## The data

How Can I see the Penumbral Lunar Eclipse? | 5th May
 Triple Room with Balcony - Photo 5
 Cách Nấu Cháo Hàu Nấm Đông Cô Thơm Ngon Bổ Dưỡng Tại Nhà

## Exercise
Take the line holding "Triple Room with Balcony - Photo 5" and all lines after it through the end of the data, and set them down exactly.

## Exercise solution
 Triple Room with Balcony - Photo 5
 Cách Nấu Cháo Hàu Nấm Đông Cô Thơm Ngon Bổ Dưỡng Tại Nhà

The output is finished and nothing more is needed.